» **DATASET EXTRACT**:
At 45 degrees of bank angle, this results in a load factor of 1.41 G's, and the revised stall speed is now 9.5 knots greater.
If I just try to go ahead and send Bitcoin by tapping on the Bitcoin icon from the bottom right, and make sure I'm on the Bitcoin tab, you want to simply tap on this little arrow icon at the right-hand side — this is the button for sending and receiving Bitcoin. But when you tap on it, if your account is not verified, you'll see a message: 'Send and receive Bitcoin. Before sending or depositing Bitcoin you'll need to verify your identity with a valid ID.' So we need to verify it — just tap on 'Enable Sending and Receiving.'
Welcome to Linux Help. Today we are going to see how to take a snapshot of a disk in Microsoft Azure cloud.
==
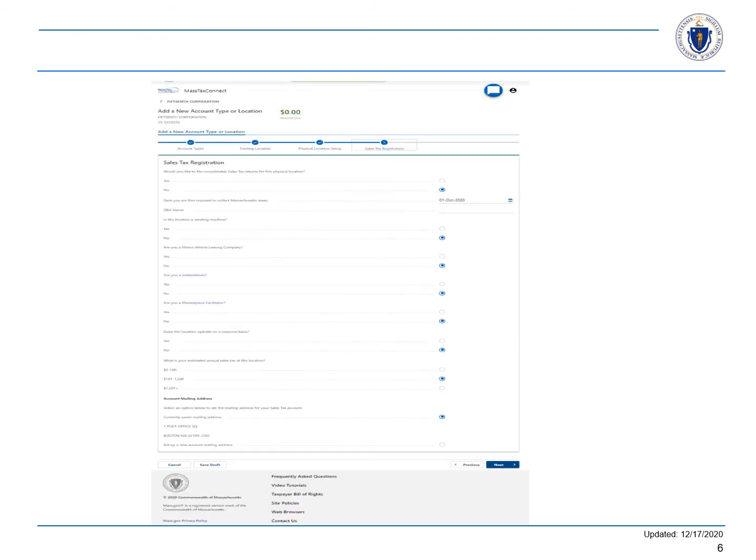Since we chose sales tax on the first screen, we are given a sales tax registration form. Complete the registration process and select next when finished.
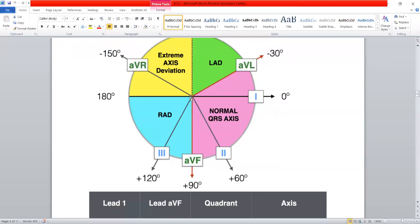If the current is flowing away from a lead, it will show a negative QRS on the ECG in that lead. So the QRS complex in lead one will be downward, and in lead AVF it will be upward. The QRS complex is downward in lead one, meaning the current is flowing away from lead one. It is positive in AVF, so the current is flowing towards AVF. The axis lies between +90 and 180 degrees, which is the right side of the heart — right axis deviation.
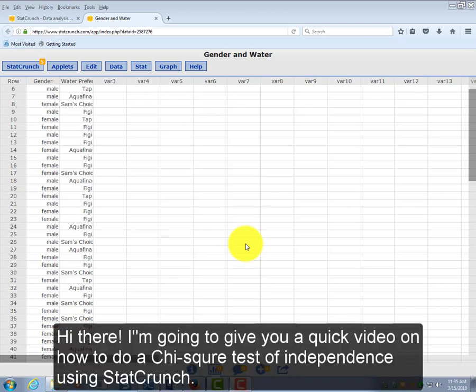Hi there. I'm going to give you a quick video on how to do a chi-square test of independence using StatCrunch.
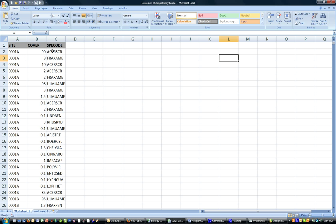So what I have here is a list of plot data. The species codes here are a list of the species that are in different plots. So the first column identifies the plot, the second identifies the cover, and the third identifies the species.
* * *
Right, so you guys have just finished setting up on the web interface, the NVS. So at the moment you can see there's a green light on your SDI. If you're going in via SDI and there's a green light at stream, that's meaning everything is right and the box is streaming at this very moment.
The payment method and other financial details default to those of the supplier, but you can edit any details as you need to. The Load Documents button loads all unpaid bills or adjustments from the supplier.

» **WHAT YOU SHOULD DO**: From the records above, print only the lines between the one holding "Right, so you" and the one holding "The payment method", inclusive, exactly as they stand.

» **RESULT**:
Right, so you guys have just finished setting up on the web interface, the NVS. So at the moment you can see there's a green light on your SDI. If you're going in via SDI and there's a green light at stream, that's meaning everything is right and the box is streaming at this very moment.
The payment method and other financial details default to those of the supplier, but you can edit any details as you need to. The Load Documents button loads all unpaid bills or adjustments from the supplier.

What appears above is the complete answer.